For the records below, give the count of lines holding the word "Shirt" and nothing more.

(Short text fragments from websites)
=====

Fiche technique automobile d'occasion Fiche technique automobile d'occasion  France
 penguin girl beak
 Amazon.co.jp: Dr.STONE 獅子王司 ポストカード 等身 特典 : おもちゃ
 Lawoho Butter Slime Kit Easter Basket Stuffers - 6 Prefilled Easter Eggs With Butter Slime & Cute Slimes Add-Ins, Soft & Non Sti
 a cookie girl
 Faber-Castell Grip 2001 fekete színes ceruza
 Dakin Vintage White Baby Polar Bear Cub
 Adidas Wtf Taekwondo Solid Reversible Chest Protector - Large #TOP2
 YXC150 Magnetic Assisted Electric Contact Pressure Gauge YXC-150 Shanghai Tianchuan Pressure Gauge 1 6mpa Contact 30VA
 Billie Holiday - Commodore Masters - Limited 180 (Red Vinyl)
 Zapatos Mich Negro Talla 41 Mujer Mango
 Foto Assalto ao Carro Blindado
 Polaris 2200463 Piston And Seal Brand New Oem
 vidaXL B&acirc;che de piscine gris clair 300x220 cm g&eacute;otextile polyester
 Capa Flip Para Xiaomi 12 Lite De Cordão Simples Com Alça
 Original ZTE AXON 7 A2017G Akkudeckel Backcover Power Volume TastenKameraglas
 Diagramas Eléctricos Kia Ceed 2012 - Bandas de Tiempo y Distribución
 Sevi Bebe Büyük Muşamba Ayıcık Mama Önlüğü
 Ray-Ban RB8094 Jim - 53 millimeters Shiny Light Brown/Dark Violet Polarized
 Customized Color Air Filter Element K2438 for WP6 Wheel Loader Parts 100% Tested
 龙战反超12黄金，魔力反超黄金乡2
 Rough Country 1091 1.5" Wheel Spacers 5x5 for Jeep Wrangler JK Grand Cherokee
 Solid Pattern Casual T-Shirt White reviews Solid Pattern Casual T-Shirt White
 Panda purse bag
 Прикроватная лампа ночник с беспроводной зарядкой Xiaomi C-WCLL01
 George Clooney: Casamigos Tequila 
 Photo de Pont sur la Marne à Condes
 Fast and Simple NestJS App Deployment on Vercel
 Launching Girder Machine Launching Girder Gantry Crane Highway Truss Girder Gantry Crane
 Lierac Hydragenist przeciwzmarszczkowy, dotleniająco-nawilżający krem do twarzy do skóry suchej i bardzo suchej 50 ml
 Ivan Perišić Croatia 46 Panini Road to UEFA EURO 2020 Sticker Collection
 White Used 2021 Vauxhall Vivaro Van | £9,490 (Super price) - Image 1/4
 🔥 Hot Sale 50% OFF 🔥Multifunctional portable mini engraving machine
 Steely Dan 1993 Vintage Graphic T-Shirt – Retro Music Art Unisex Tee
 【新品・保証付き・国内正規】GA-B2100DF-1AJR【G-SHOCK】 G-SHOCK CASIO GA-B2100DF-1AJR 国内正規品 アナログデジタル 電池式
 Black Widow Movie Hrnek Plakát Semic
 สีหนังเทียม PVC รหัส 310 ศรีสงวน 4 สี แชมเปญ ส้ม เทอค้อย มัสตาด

=====

### SOLUTION
2